At a factory in Almeria, on the southern coast of Spain, Michael Murray, the CEO of the technology company Cynar, makes an impressive demonstration. A video on Cynar’s website shows him filling a glass bottle with a soup distilled from plastic, then marching outside. In a sport coat and rubber gloves, he pours it into the gas tank of a Toyota Land Cruiser. Then he cranks the ignition and drives off.
This isn’t just a trick; it’s a business plan. Murray intends to convert millions of tons of plastic waste into a synthetic fuel. The factory, which licenses his technology, opened late last year and is already digesting just under one ton of plastic an hour. That translates into 3,693 gallons of diesel a day, enough to fill 230 midsize cars. “I watch this crap going in, smelly, stinky stuff, and get out usable fuel,” Murray says.
The chemical process Cynar has mastered is called pyrolysis. It essentially returns plastic to its original state: oil. First, the plastic must be cleaned, shredded, and heated in the absence of oxygen. Instead of burning, it melts to the consistency of chewing gum, and then vaporizes into a hydrocarbon cloud. When the cloud cools, the vapor condenses into a liquid that can be refined to diesel, kerosene, or light oil and used with any car or generator.
But Cynar’s fuel is much cleaner than its conventional counterparts. It produces 20 percent less tailpipe emissions than fossil fuel sold at the pump, according to an analysis by the University of Dublin. And it has the advantage of giving multiple forms of discarded plastic—including grocery bags, polystyrene trays, and even patio furniture—a second life.
“Some countries have so much plastic trash, but import oil. Imagine if they had a way to get energy from their waste!”
Murray has bet nearly $20 million and the past 11 years on his plastic fuel. But to hear him tell it, his hard work is just making amends for the excesses of his youth. He grew up in Dublin with a speed-racing habit: cars, boats, planes—“anything that’s got an engine, I raced it,” he recalls. After years as a gas hog, his lightbulb moment came when he was throwing away a printer cartridge. There has to be another use for items like these, he thought.
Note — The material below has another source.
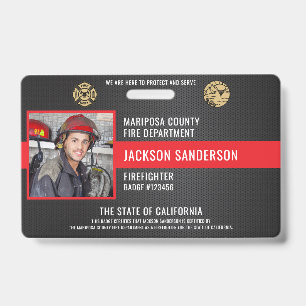 Customizable Firefighter Fire Department Employee Badge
A seasoned entrepreneur, Murray decided to try to commercialize pyrolysis.
While pyrolysis isn’t new, only recently have technological advances made it scalable, affordable, and profitable. Cynar’s diesel costs only $1.75 per gallon to produce. The price of oil, however, has been dropping fast. At press time, it was $56 per barrel and sliding south, right into potential profits. But Murray takes the long view: He wants to bring his technology to developing nations, places with huge landfills and big energy deficits. He is in talks to build a plant in East Africa and also has his eye on the small island nations in the Pacific that he has sailed around. “Some countries have so much plastic trash, but import oil,” says Murray. “Imagine if they had a way to get energy from their plastic waste!”